__TASK BRIEF__: Each line of the data below should be restated exactly, with images left out.
======== COLLECTED MATERIAL
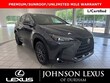 LEXUS NX 250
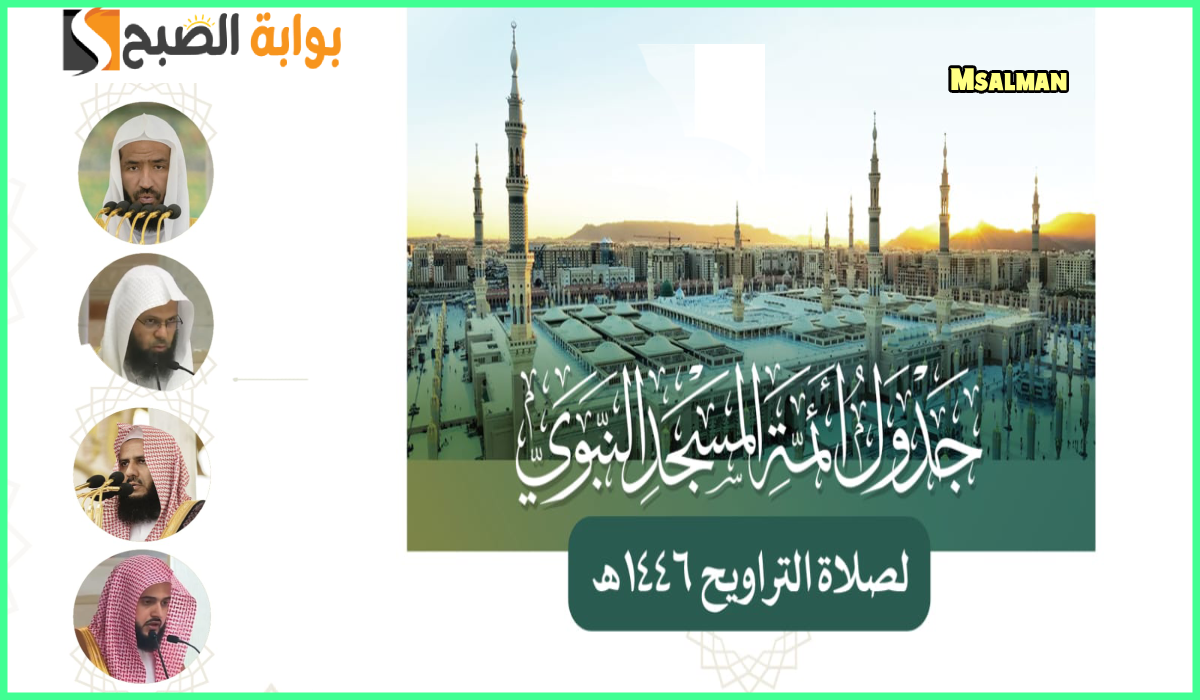 جدول أئمة المسجد النبوي الشريف لصلاة التراويح حتى 10 رمضان 1446هـ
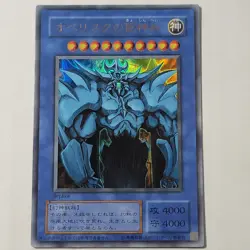 Yugioh Obelisk the Tormentor 15AY-JPB00 Japanese OCG Ultra Rare - Image 1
================
__TASK OUTPUT__:
 LEXUS NX 250
 جدول أئمة المسجد النبوي الشريف لصلاة التراويح حتى 10 رمضان 1446هـ
 Yugioh Obelisk the Tormentor 15AY-JPB00 Japanese OCG Ultra Rare - Image 1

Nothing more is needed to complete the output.